** Data for processing follows **

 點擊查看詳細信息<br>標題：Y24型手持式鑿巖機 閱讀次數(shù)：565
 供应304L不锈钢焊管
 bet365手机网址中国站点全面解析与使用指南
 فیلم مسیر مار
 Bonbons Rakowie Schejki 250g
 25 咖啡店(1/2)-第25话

** End of Data for processing **
** Data for processing follows **

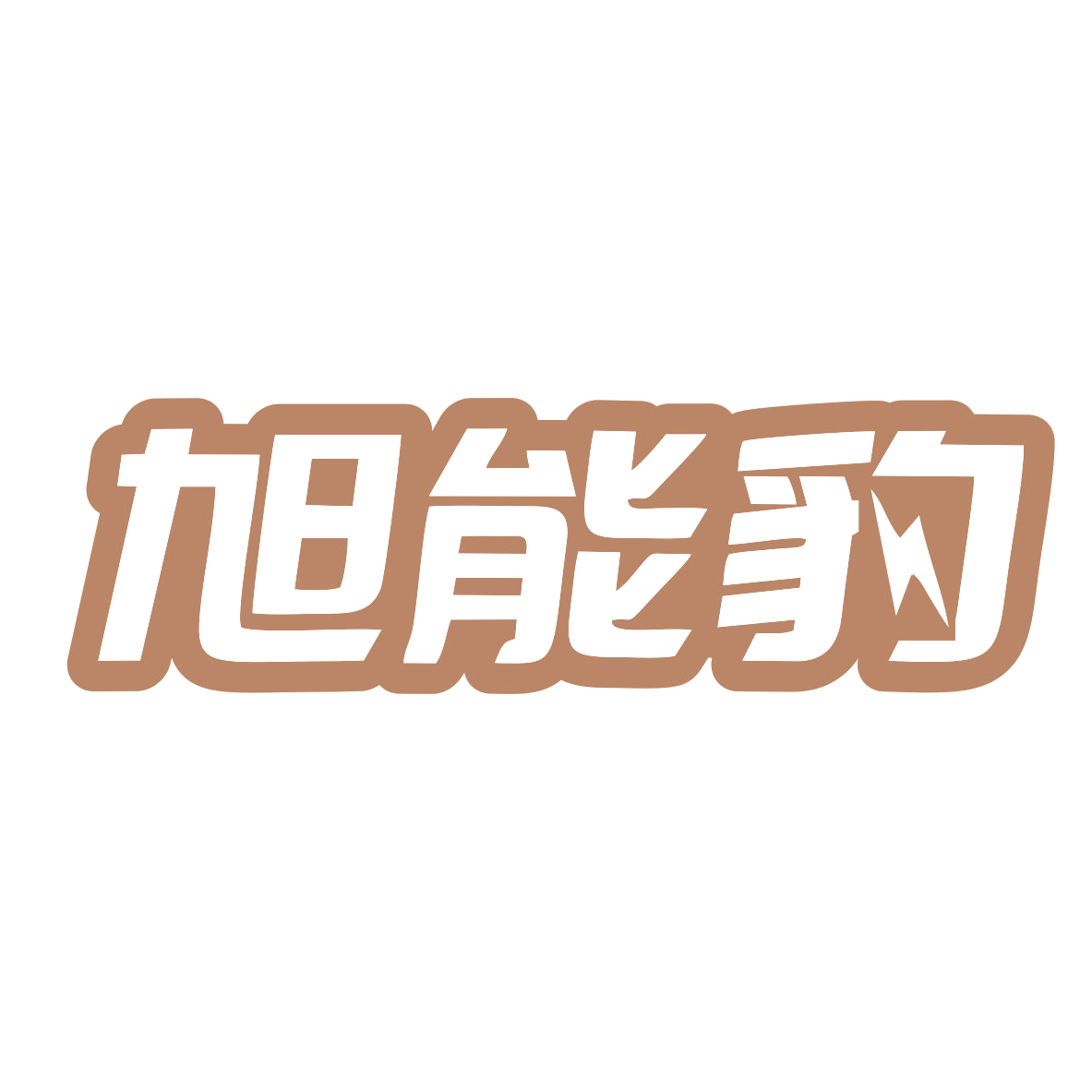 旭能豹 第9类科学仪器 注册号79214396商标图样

** End of Data for processing **

Problem statement »
Above are the records. Print exactly, and only, the lines from the line with "點擊查看詳細信息<br>標題：Y24型手持式鑿巖機 閱讀次數(shù)：565" to the line with "25 咖啡店(1/2)-第25话", both inclusive.

Result for this task »
 點擊查看詳細信息<br>標題：Y24型手持式鑿巖機 閱讀次數(shù)：565
 供应304L不锈钢焊管
 bet365手机网址中国站点全面解析与使用指南
 فیلم مسیر مار
 Bonbons Rakowie Schejki 250g
 25 咖啡店(1/2)-第25话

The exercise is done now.